It is only when significant numbers of savers and investors are given a role in corporate governance that this tide will turn. Fund managers will have to take more account of the views of their customers and the media will have an incentive to express opinions to a large and receptive audience at last.

There is no wish to undermine the existing nominee custodial arrangements which are the only cost-efficient method of share ownership for small savers and investors. Equally, there is no point in enhancing the rarely used proxy arrangements introduced in 2006 – for which there is little appetite as they are cumbersome and expensive.

Now a new form of stakeholder engagement and communication needs to be developed and is possible using smart technology. For example:

1. Savers’ annual ISA or pension statement could include a free offer to register ‘to have your say’:

  • sign up for alerts to e.g. FTSE 100 and 250 companies’ AGM notices for companies within their pension or investment product
  • receive alerts and a simple polling card – e.g. to approve the remuneration report and the dividend
  • tick For or Against in ‘one man one vote’ ADVISORY poll

2. Option to extend facility to employees and other stakeholders of both public and private companies

3. ‘Votes’ aggregated and supplied to registered shareholder/fund manager/board

4. Poll results published alongside the registered institutional shareholders’ actual votes

5. Registered shareholders either comply with poll ‘advice’ – or explain why not

This ‘enfranchisement’ of even a proportion of the 11m individuals in equity-related savings products today and the soon to be millions more through auto-enrolment, could be akin to the 1980s\ sale of council houses in terms of its political awakening.

How it could work



There are nonetheless challenges as well as opportunities within this proposal:

  • Engaging underlying savers and investors’ participation

Savers and investors are notoriously hard to engage and there will need to be a pilot to test public appetite. However, the press will support and provide information on contentious issues and the service will be free to users — it will be simple and with alerts sent direct to users’ phones or inboxes – creating awareness and encouraging action.
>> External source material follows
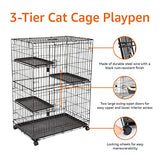 Amazon Basics Large 3-Tier Cat Cage Playpen Box Crate Kennel - 35.8L x 22.4W x 50.6H, Black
  • Complex data-matching challenge

Technical developments make it possible and there is a willingness of some of the biggest providers of retail financial services to consider a pilot.

  • Costs

Are not yet quantified – but it is a data management exercise and an opportunity for a customer user interface, possibly a polling organisation, to build databases and provide enhanced services – including information, e.g. PIRC data, user chat rooms, etc.

  • Legislation

None should be required as voting/polling would be purely advisory – though political will and support would be a vital ingredient and a spur to the development of a necessary pilot

Strengthening the employee, customer, and wider stakeholder voice

This form of engagement will be straightforward between companies and their employees. Information about strategy, the future plans for the business, and the firm’s remuneration policy could be sent to all permanent employees with an opportunity for staff to express a view anonymously on whatever issues they are invited to comment on. Results would be aggregated and published in a pie on the company intranet. It should also be used to encourage employees to become shareholders. Both would be preferable outcomes to the proposed Designated NEDs, employee councils, or employees on Boards.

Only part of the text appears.